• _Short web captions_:
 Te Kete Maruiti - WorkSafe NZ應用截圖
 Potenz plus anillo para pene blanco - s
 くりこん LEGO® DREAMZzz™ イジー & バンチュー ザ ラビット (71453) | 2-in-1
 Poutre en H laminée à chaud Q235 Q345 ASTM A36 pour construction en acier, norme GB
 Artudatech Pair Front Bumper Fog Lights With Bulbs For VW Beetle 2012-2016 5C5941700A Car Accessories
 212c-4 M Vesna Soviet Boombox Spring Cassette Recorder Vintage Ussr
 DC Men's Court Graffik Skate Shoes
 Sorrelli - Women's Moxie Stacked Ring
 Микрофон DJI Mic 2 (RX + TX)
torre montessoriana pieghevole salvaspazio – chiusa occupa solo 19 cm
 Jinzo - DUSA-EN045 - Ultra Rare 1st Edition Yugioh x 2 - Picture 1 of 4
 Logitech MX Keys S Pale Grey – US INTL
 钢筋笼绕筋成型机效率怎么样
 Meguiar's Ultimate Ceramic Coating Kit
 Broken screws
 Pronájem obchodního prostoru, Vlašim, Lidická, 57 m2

...

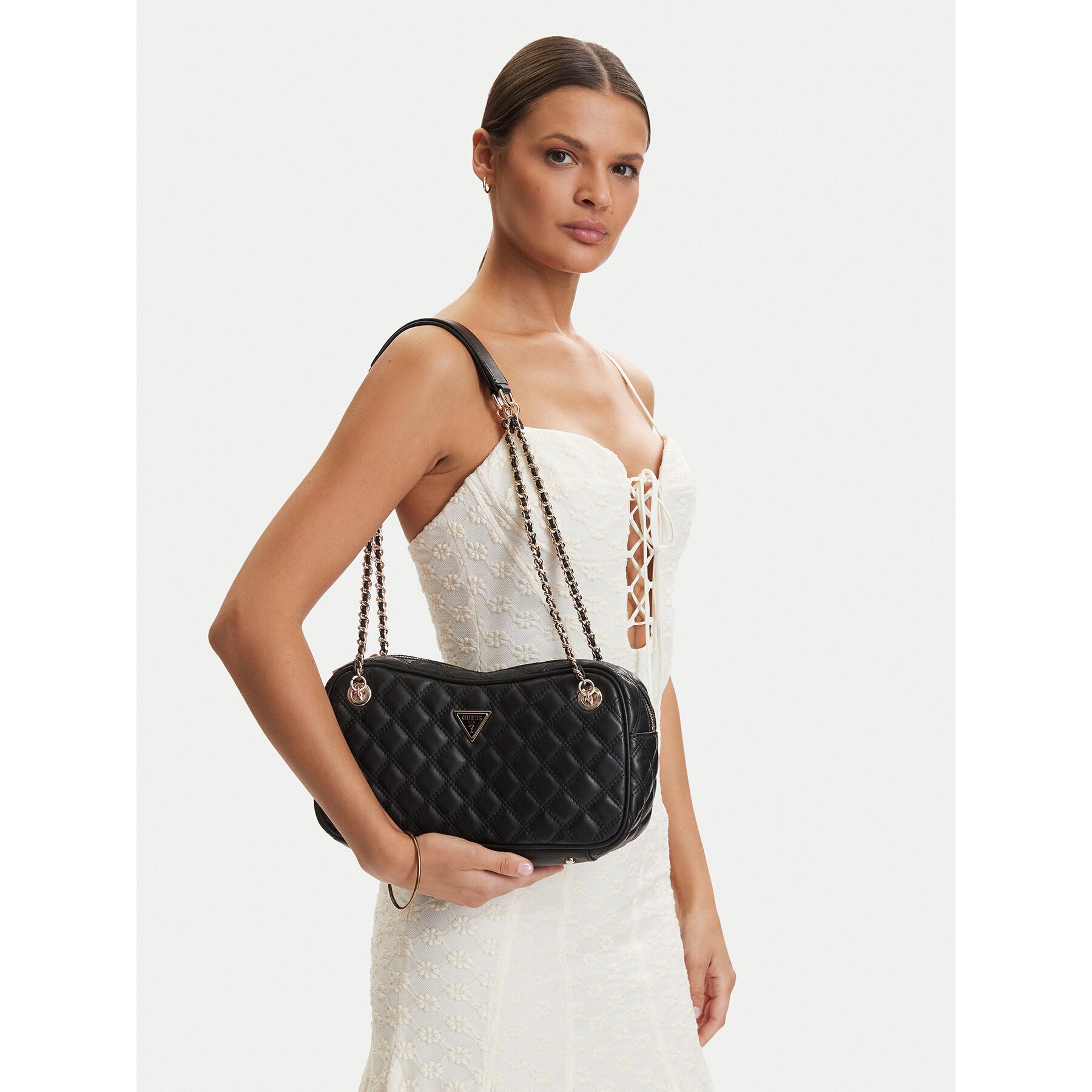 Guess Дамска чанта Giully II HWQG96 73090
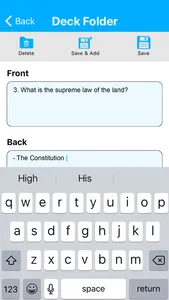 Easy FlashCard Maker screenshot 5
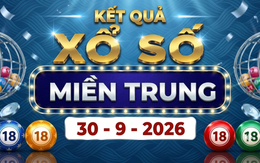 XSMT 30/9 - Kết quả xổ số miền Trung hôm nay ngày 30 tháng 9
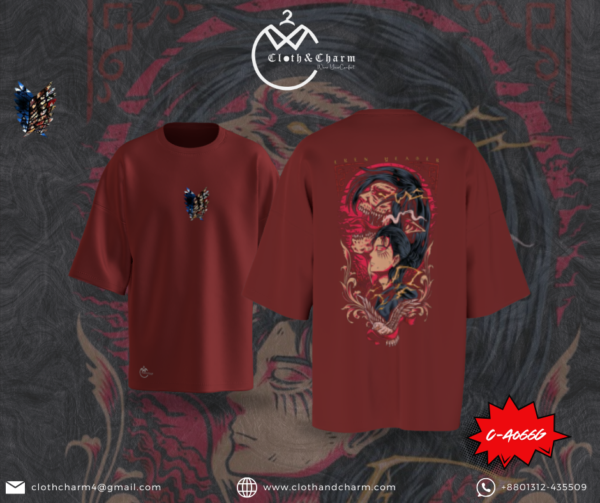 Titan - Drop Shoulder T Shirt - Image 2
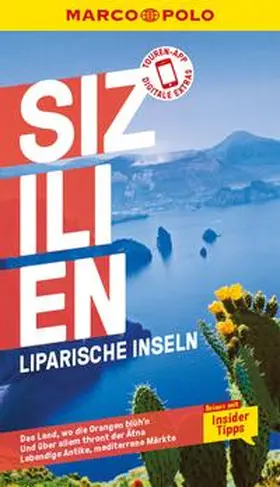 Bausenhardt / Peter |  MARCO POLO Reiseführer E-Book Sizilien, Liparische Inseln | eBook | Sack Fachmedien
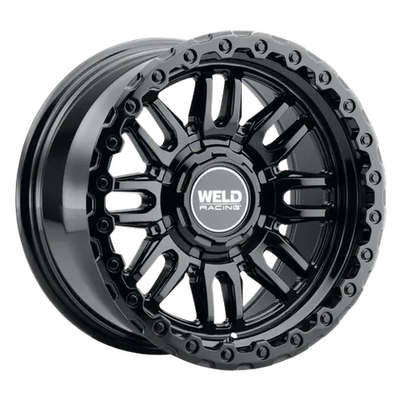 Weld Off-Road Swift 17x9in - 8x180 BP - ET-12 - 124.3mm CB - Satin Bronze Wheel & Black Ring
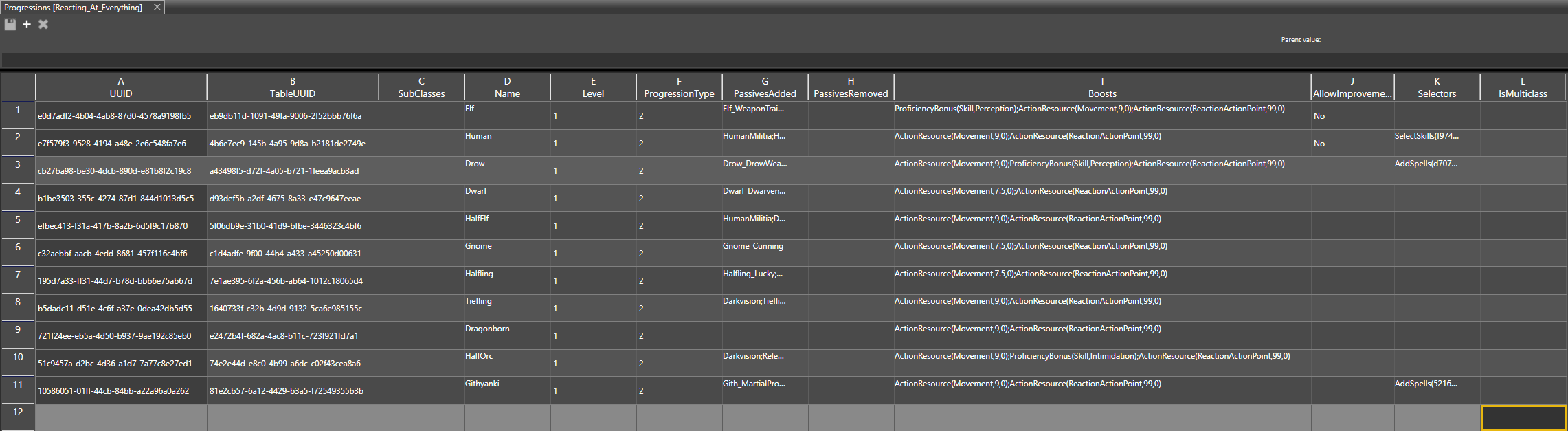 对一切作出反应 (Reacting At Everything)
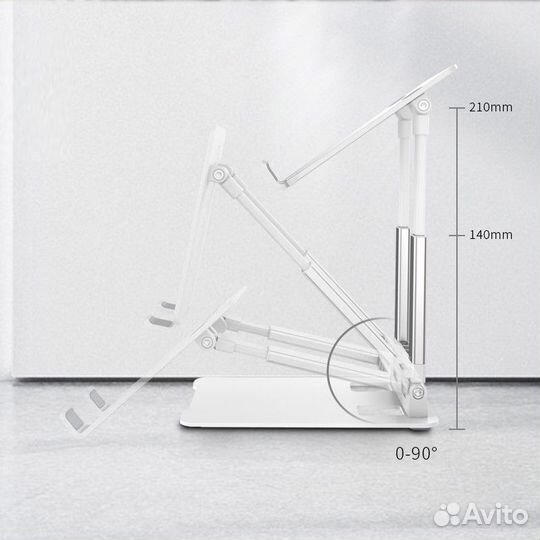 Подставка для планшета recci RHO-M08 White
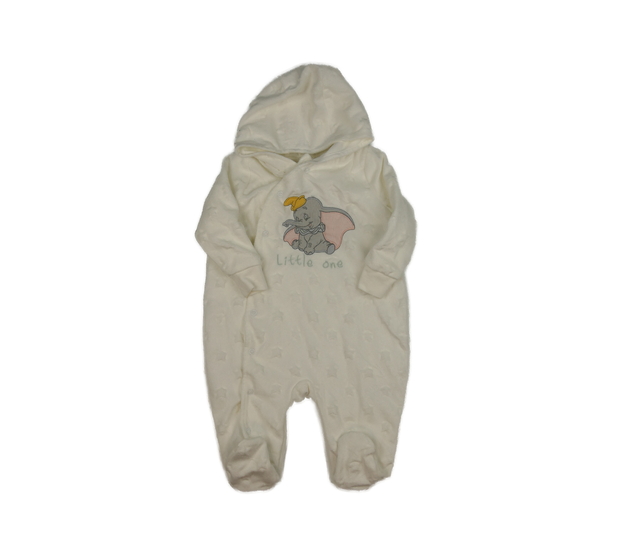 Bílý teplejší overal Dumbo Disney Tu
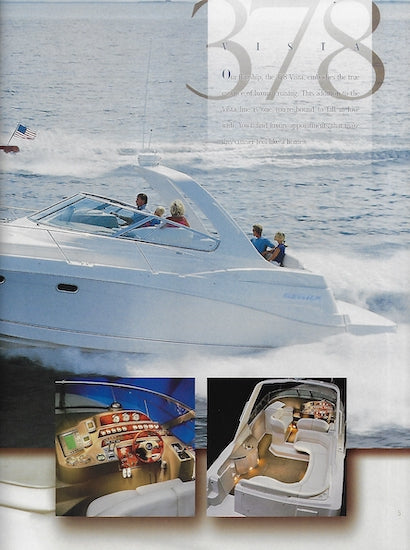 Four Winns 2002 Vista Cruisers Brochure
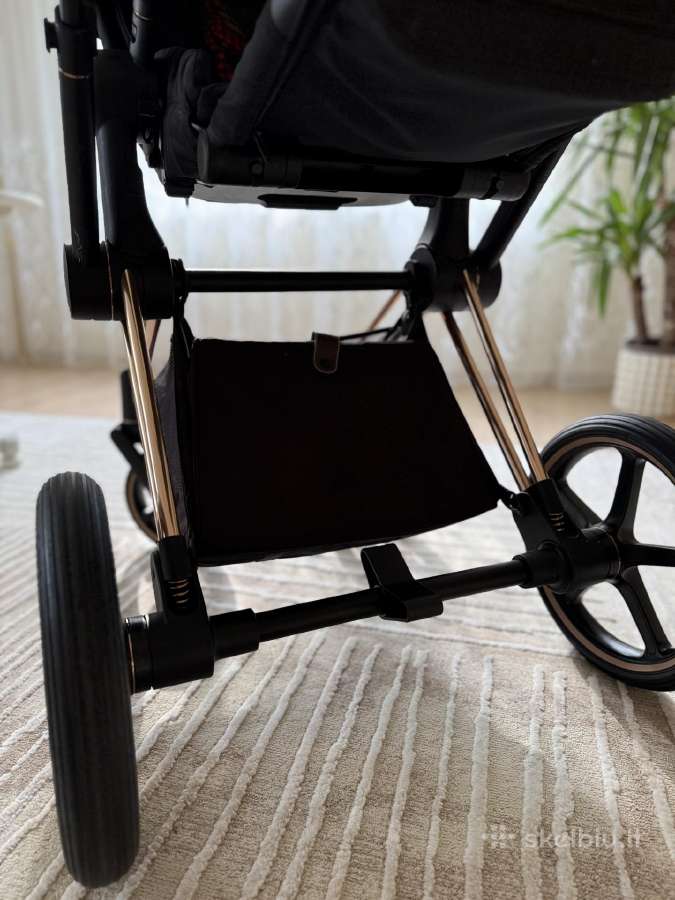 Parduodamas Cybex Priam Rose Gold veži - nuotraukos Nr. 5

==

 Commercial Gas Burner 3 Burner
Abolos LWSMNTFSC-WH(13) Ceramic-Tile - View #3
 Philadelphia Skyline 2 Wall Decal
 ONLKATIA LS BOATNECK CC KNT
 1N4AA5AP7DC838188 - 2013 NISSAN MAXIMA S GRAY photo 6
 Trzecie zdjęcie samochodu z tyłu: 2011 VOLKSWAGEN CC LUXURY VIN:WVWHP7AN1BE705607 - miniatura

• _Activity_: What you write out is the stretch of entries from the line containing "Bílý teplejší overal Dumbo Disney Tu" to the line containing "Parduodamas Cybex Priam", word for word, with both end lines and no pictures.

• _Finished task_:
 Bílý teplejší overal Dumbo Disney Tu
 Four Winns 2002 Vista Cruisers Brochure
 Parduodamas Cybex Priam Rose Gold veži - nuotraukos Nr. 5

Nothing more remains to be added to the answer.